Required action: Within the records, find every line that includes the word "Ford" and copy it.

Data extracted from a collection
------------------------
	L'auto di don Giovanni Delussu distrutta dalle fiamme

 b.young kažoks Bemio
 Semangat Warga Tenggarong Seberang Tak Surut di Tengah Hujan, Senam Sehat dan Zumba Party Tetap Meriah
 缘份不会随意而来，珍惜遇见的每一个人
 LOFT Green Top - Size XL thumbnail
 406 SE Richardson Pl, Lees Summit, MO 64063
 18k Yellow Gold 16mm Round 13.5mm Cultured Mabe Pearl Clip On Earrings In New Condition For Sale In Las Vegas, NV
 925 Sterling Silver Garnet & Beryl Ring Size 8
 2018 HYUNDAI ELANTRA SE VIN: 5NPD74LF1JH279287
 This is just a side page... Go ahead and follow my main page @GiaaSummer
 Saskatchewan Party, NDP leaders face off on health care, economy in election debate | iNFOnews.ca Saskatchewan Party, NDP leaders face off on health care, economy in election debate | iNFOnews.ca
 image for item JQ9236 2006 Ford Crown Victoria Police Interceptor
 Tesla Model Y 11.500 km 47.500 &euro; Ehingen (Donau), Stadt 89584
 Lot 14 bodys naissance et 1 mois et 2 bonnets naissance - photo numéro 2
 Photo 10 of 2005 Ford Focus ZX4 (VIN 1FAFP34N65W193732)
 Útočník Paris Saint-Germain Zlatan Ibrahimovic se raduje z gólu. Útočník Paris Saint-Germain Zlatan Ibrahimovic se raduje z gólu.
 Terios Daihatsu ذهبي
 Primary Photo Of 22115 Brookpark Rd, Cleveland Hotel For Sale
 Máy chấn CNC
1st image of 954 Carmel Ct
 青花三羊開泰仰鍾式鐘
------------------------
Your response:
 image for item JQ9236 2006 Ford Crown Victoria Police Interceptor
 Photo 10 of 2005 Ford Focus ZX4 (VIN 1FAFP34N65W193732)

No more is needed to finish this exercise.